Susan Currie: How Librarians Can Help You Manage Informational Chaos: Susan Currie has 40 years of experience as a senior librarian and administrator. She worked for close to thirty years in academic libraries and knows a profound amount about information and how it's managed in society. This week we talk about how the internet has changed people's relationships with information, how librarians can help people find information in the digital age, how librarians can help people be less biased researchers and the generational differences between young and old in consuming and managing information.
💡My Best Insights:
📖Book - Finding Flow: a wonderful follow up to Mihaly Csikszentmihalyi's Flow The Psychology of Optimal Experience. This book explores the various areas that we can experience flow inside of and how they effect the way most people experience life. The three areas are Work, maintenance, and leisure. By understanding how we can find flow in each of them we can make our lives more enjoyable.
✍️Blog Post - My Twelve Hour Walk: Because of apps like google maps, it's very uncommon for people to ever get lost anymore. Before these technologies existed people had to use physical maps to navigate and before that the maps in their minds. As a result, we almost never wander for the sake of wandering anymore. But in Paul Millerd's article, My 12 Hour Walk, he explains the benefits that unplugging and just wandering can have on your psyche. When you're alone by yourself on a walk for that long without something to distract you, you are forced to listen to yourself. And things come up which never get the chance to while your just going about your everyday normally.
🎙️Podcast - Psychology and the Gamification of Learning: most people think of games and learning as separate things. As you know I was addicted to games as a kid so the only thing I really learned was how to waste my time. But this podcast and my other learnings about gamification are making me realize how games can be an integral part of our learning processes. Games can make us more willing to fail which we know is where the best learning happens because they promote a Gameful mindset.
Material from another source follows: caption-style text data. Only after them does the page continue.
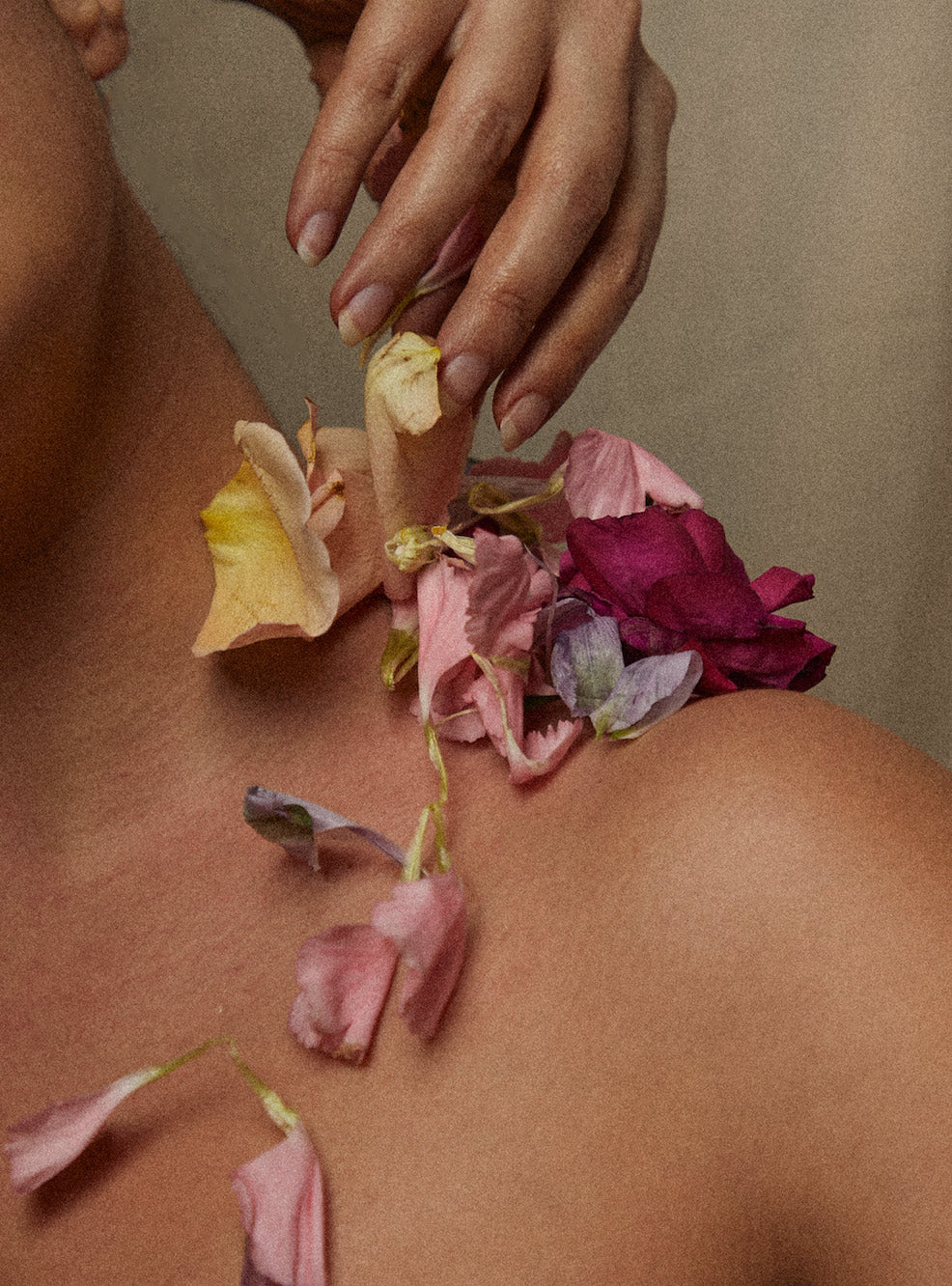 Main déposant des pétales de fleurs séchées sur une épaule nue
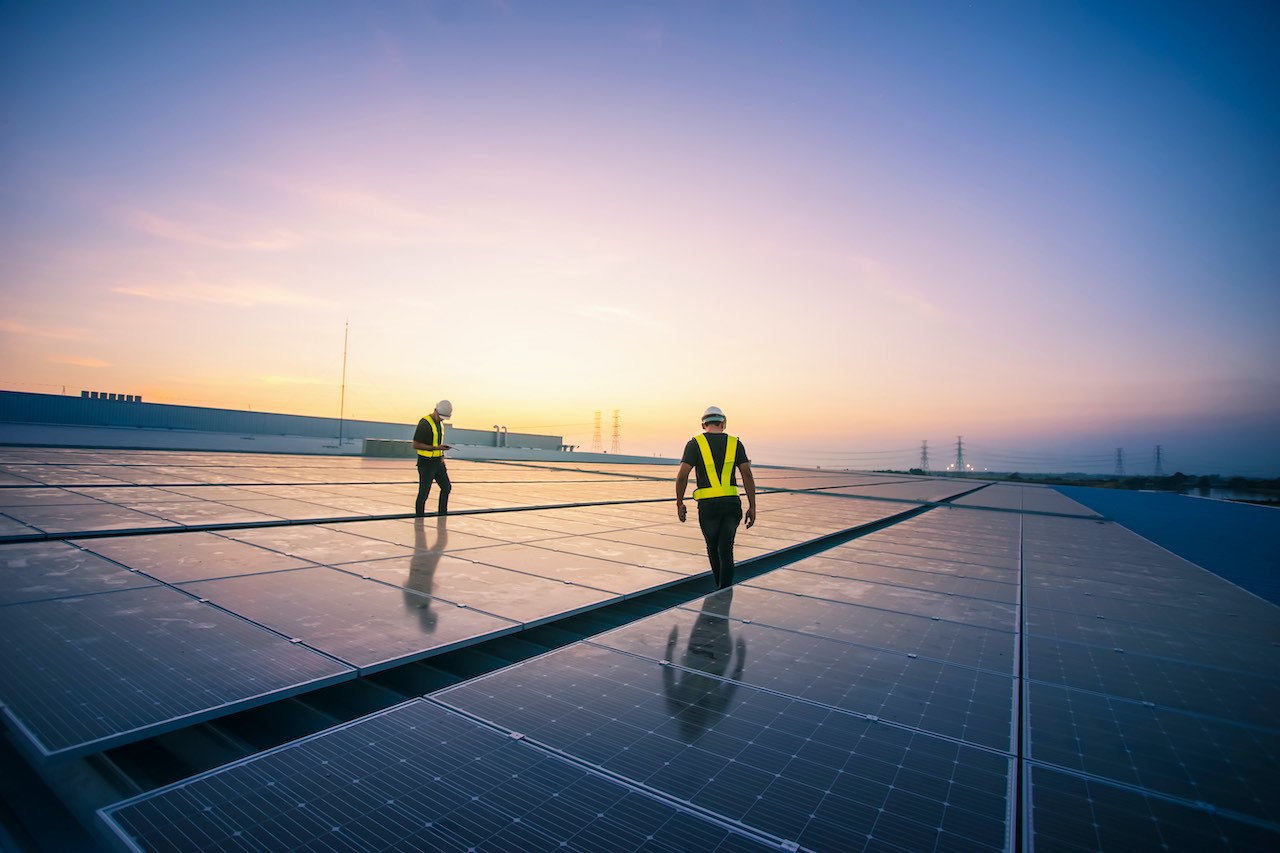 Zwei Arbeiter auf einem Dach mit Solar Anlagen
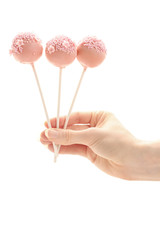 Pink and yellow cake pops isolated on white background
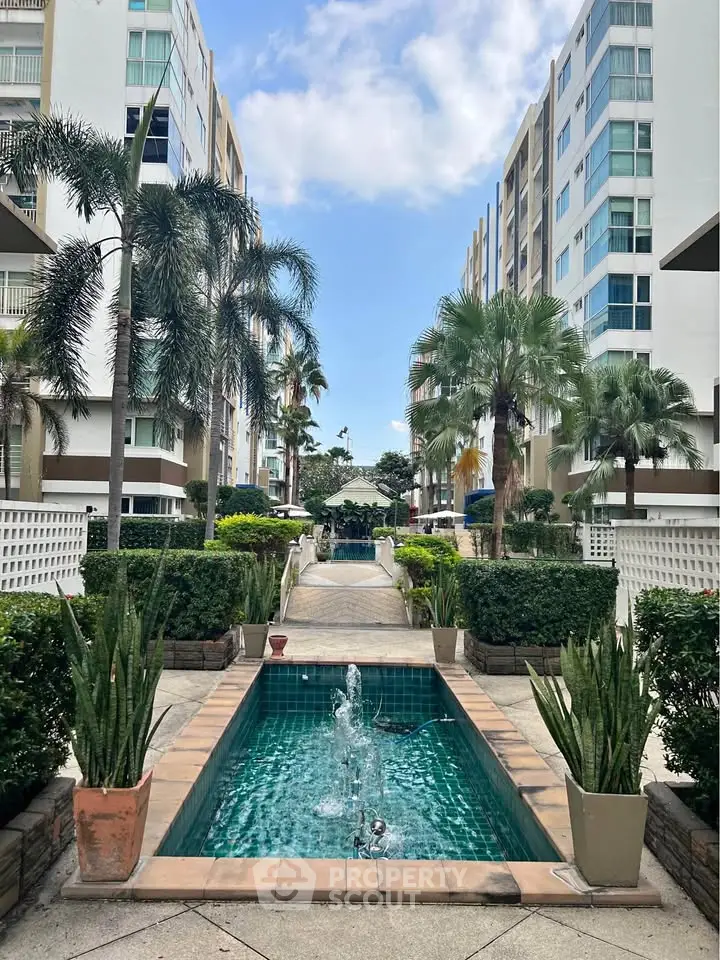 Stunning apartment complex with lush gardens and elegant water features.
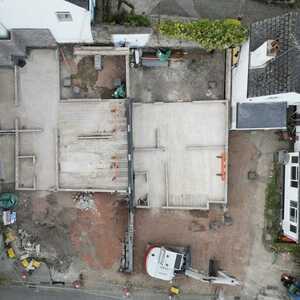 Aerial view of a construction site with exposed foundations and surrounding buildings.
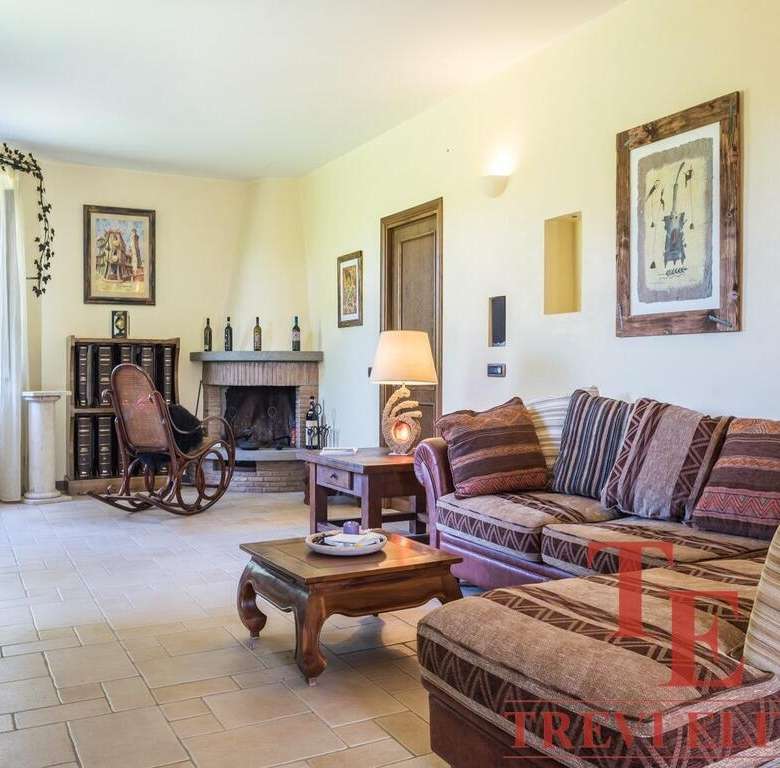 Уютная гостиная с камином, мягким диваном и стильными декоративными элементами, создающая атмосферу комфорта и роскоши в элитной недвижимости.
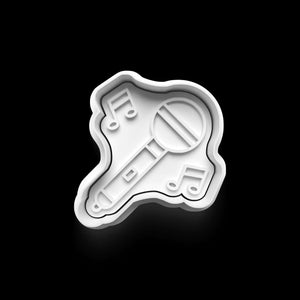Microphone-shaped cookie cutter with musical notes, perfect for music-themed baking.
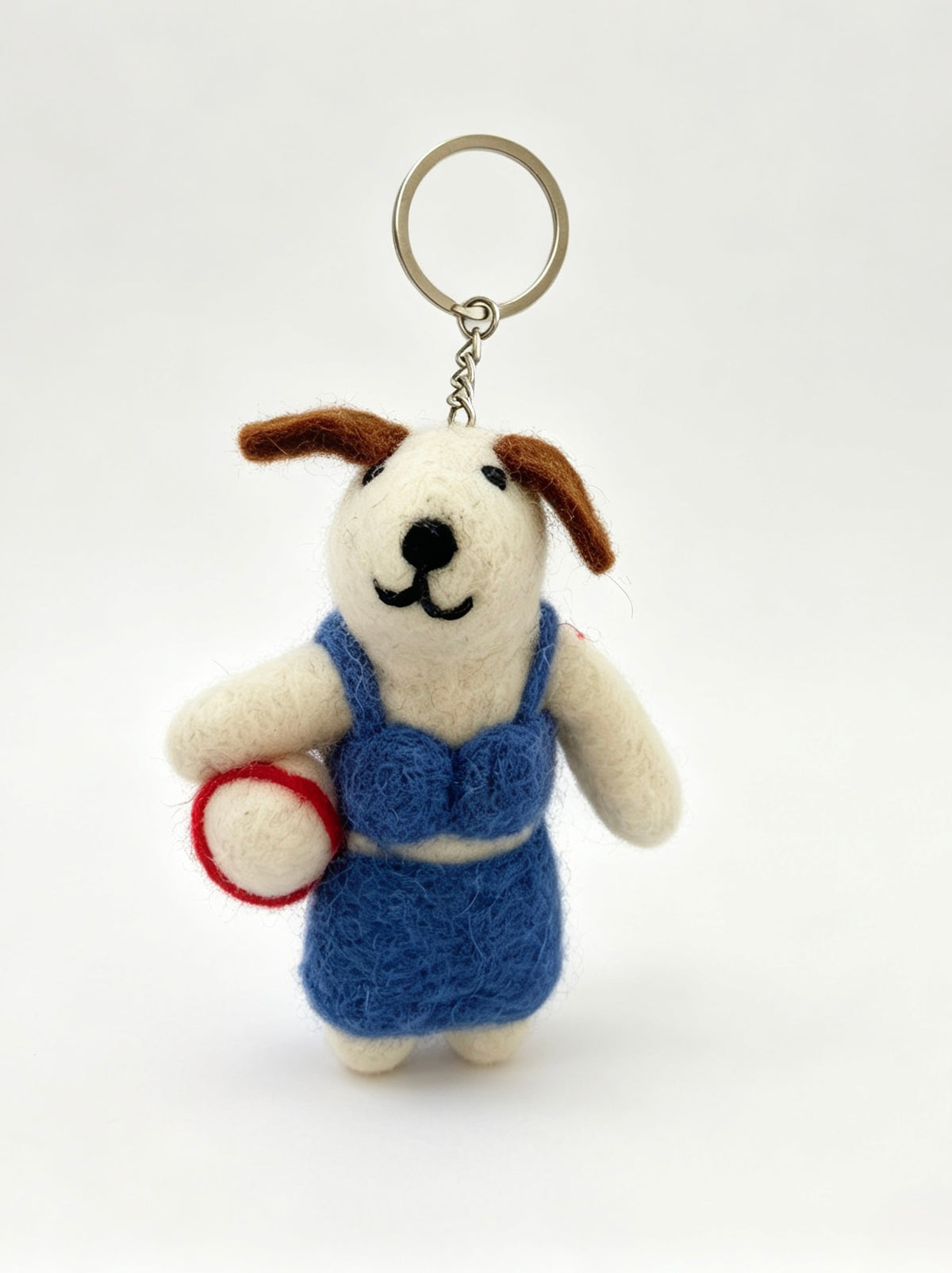 Side view of handmade felt dog keychain in blue beach clothing with volleyball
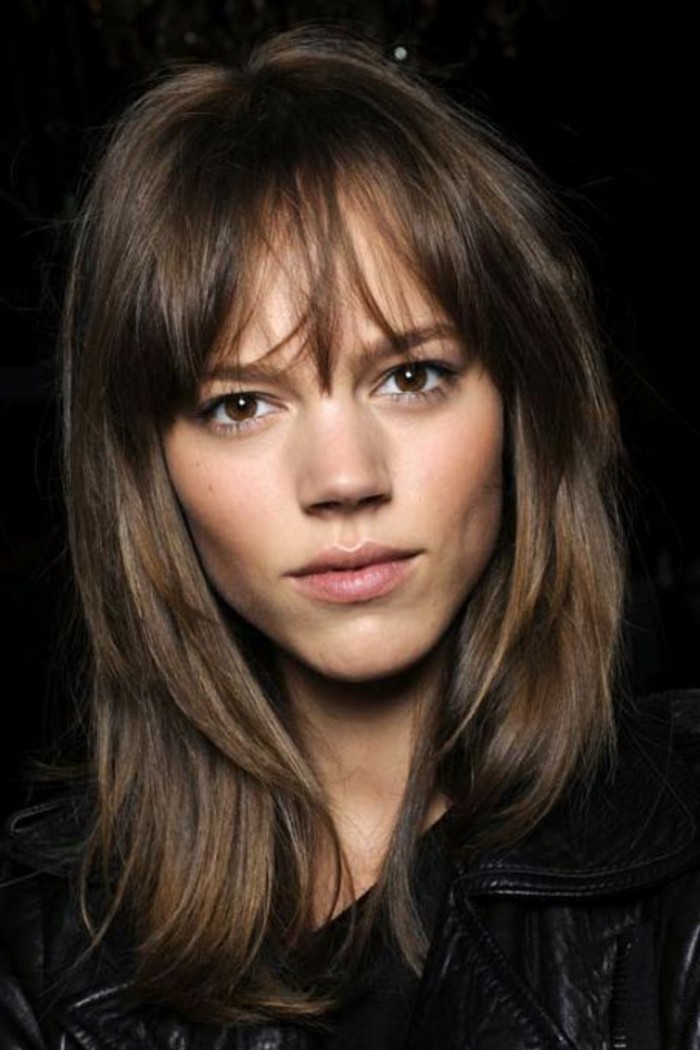 discreet make up, worn by brown-eyed young woman, messy layered hair and fringe, medium length brown hair, black leather jacket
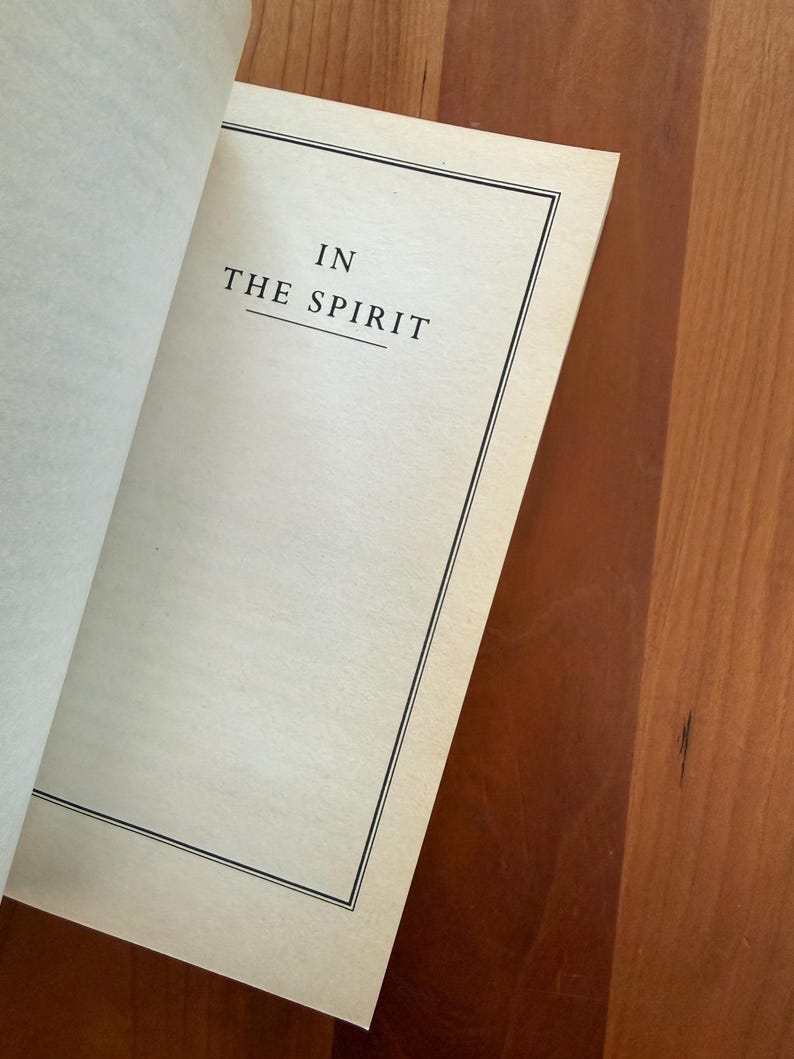 K&ouml;nnte beinhalten: Offenes Buch mit dem Text "IN THE SPIRIT" zentriert auf der Seite. Der Text ist in einer Serifenschrift, und die Seite hat einen schwarzen Rahmen. Das Buch liegt auf einer Holzoberfl&auml;che.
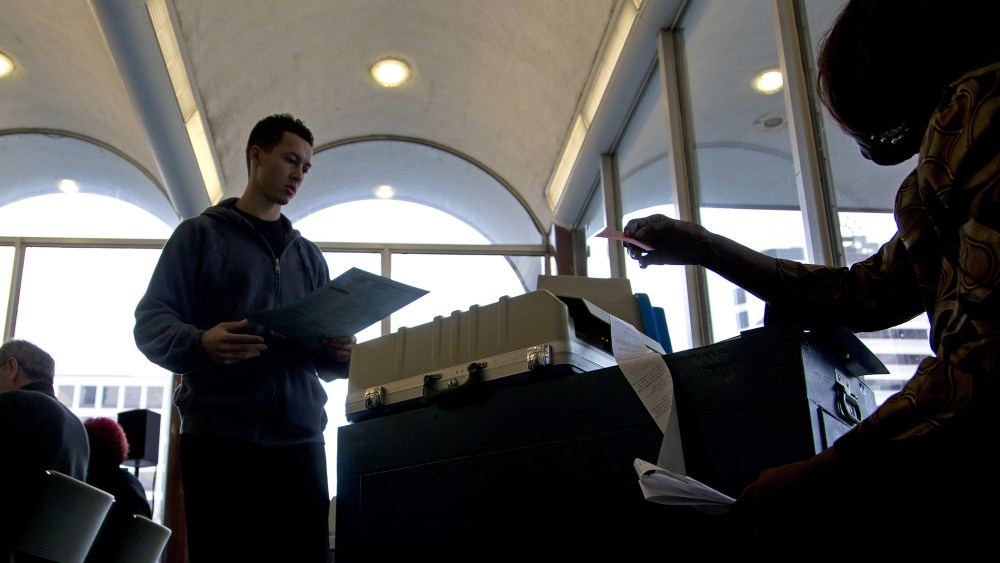 Citizens go to the cast their ballots at the city hall building on election day on Nov. 4, 2014 in Milwaukee, Wisc.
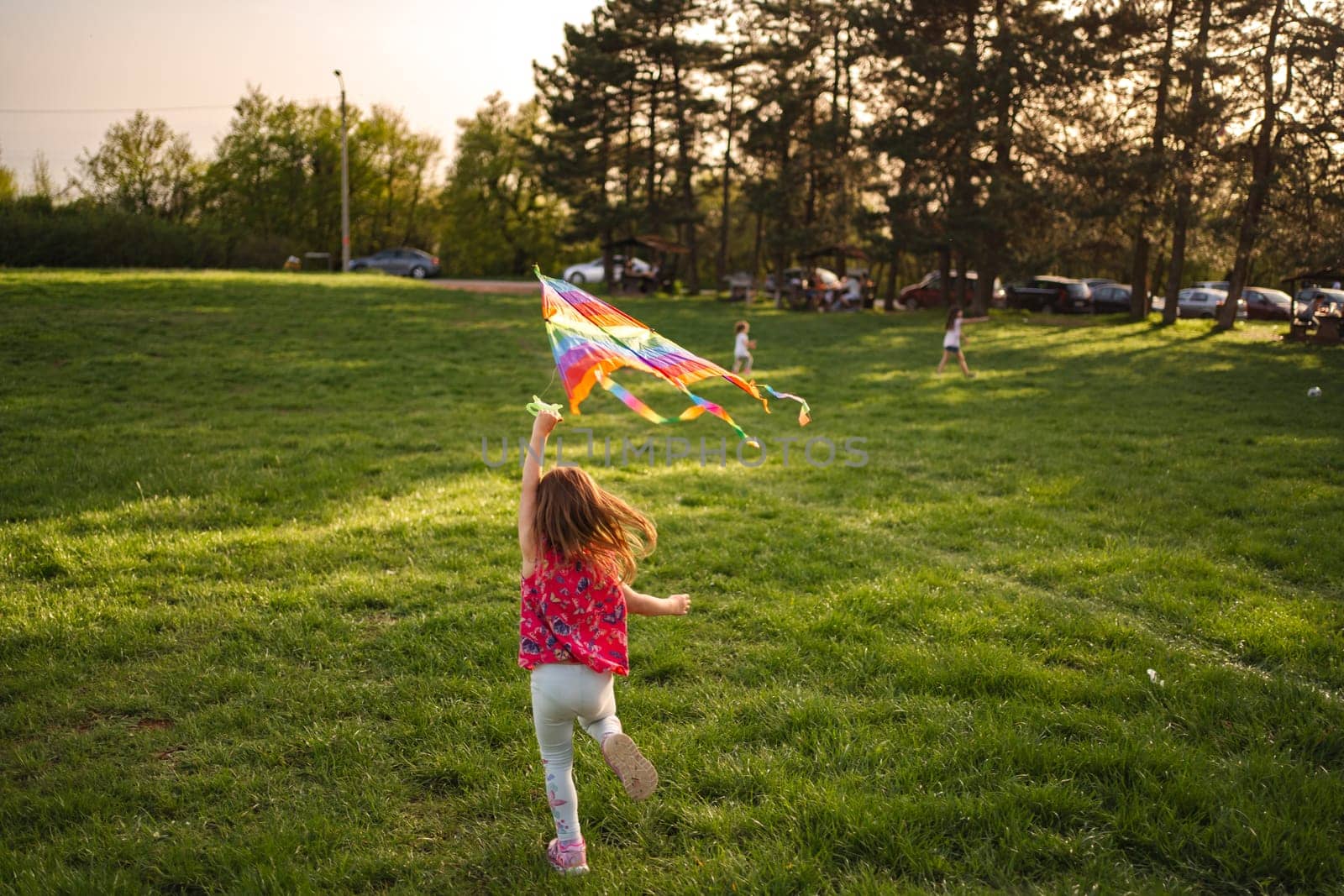 In a vibrant park during golden hour, children race across the lush grass, their laughter filling the air as they fly bright kites that dance in the wind, creating a picturesque moment of joy.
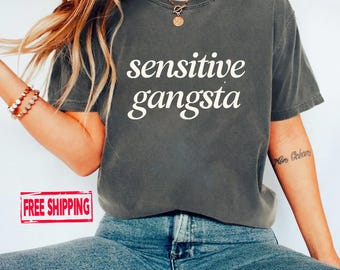 May include: Dark grey t-shirt with the words "sensitive gangsta" in white. The shirt is a crew neck and appears to be made of a soft material. The model is wearing blue jeans and a gold necklace.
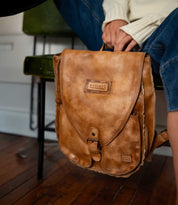 A person in jeans and a cream sweater sits on a chair, holding the Ranger brown leather backpack from Bed|Stü—perfect for everyday use—resting on a wooden floor.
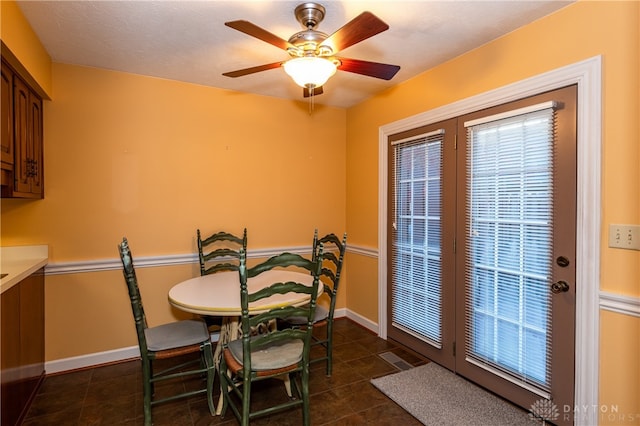 dining area with a textured ceiling, ceiling fan, and dark tile patterned flooring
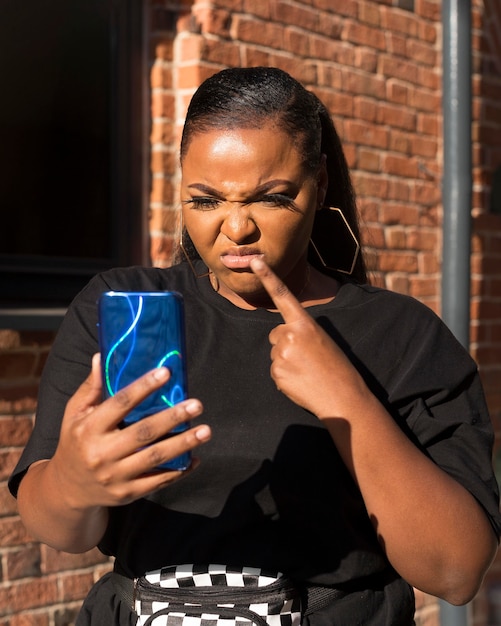 Foto gratuita ragazza delusa guardando il suo telefono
Listen to this podcast to learn even more reasons for why they are so great.
📜Academic Article - Gaming Mindsets: Implicit Theories in Serious Game Learning: This studies assesses how individuals beliefs about the malleability of their abilities may predict their performance and actions in learning from serious games and thus in other areas of life. They found that participants with a growth mindset were more likely to seek out challenges inside of the game. In other words they didn't shutter from the idea of failure but rather sought out situations to test their skills. They had a Gameful mindset. This is why I believe it's more effective to motivate someone to join something they aren't sure they are good enough to do by emphasizing their growth mindset if they have one. Instead of saying, "What! You're great at that thing," say "I know you can do it because you will seek to improve and become better over time."
📺YouTube Video - How to achieve more while studying less Obsidian and Conceptual Notes: This is one of my favorite videos on personal knowledge management I have ever watched. It's main thesis is that the purpose of notes is to retrieve relevant information in the fastest way possible. So taking notes on everything makes no sense. As most information is available via google and or inherently obvious. Instead you should take notes on things that aren't USE, Unimportant, Self Explanatory, or Easy enough to memorize on the spot. In addition, you need to realize that "There are no rigid disciplines in the universe, just interconnected concepts." This means a not on evolutionary psychology could connect to a note on the history of peanut butter. Everything is connected somehow. I encourage you to watch it as there's so much I didn't say.